* _Activity_
Please reproduce the data in its entirety, word for word.

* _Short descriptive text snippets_
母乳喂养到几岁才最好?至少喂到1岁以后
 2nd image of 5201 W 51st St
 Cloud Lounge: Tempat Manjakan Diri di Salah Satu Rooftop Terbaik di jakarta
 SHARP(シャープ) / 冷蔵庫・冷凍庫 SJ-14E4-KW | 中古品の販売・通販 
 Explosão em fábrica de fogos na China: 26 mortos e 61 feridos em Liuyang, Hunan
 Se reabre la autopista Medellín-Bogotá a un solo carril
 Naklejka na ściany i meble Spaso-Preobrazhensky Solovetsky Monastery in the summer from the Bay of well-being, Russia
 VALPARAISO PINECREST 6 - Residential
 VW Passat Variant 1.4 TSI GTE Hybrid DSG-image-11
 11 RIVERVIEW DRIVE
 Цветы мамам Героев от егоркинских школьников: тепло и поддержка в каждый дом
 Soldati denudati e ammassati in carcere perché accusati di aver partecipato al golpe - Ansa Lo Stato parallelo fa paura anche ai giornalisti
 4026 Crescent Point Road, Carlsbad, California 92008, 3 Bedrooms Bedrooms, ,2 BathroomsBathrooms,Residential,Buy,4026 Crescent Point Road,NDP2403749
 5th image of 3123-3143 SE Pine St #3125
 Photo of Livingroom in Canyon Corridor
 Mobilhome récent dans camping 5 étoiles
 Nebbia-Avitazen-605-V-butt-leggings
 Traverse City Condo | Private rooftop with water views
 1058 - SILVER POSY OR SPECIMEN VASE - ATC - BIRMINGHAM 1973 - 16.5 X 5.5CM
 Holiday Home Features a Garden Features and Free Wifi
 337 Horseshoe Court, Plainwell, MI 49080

* _Your solution_
母乳喂养到几岁才最好?至少喂到1岁以后
 2nd image of 5201 W 51st St
 Cloud Lounge: Tempat Manjakan Diri di Salah Satu Rooftop Terbaik di jakarta
 SHARP(シャープ) / 冷蔵庫・冷凍庫 SJ-14E4-KW | 中古品の販売・通販 
 Explosão em fábrica de fogos na China: 26 mortos e 61 feridos em Liuyang, Hunan
 Se reabre la autopista Medellín-Bogotá a un solo carril
 Naklejka na ściany i meble Spaso-Preobrazhensky Solovetsky Monastery in the summer from the Bay of well-being, Russia
 VALPARAISO PINECREST 6 - Residential
 VW Passat Variant 1.4 TSI GTE Hybrid DSG-image-11
 11 RIVERVIEW DRIVE
 Цветы мамам Героев от егоркинских школьников: тепло и поддержка в каждый дом
 Soldati denudati e ammassati in carcere perché accusati di aver partecipato al golpe - Ansa Lo Stato parallelo fa paura anche ai giornalisti
 4026 Crescent Point Road, Carlsbad, California 92008, 3 Bedrooms Bedrooms, ,2 BathroomsBathrooms,Residential,Buy,4026 Crescent Point Road,NDP2403749
 5th image of 3123-3143 SE Pine St #3125
 Photo of Livingroom in Canyon Corridor
 Mobilhome récent dans camping 5 étoiles
 Nebbia-Avitazen-605-V-butt-leggings
 Traverse City Condo | Private rooftop with water views
 1058 - SILVER POSY OR SPECIMEN VASE - ATC - BIRMINGHAM 1973 - 16.5 X 5.5CM
 Holiday Home Features a Garden Features and Free Wifi
 337 Horseshoe Court, Plainwell, MI 49080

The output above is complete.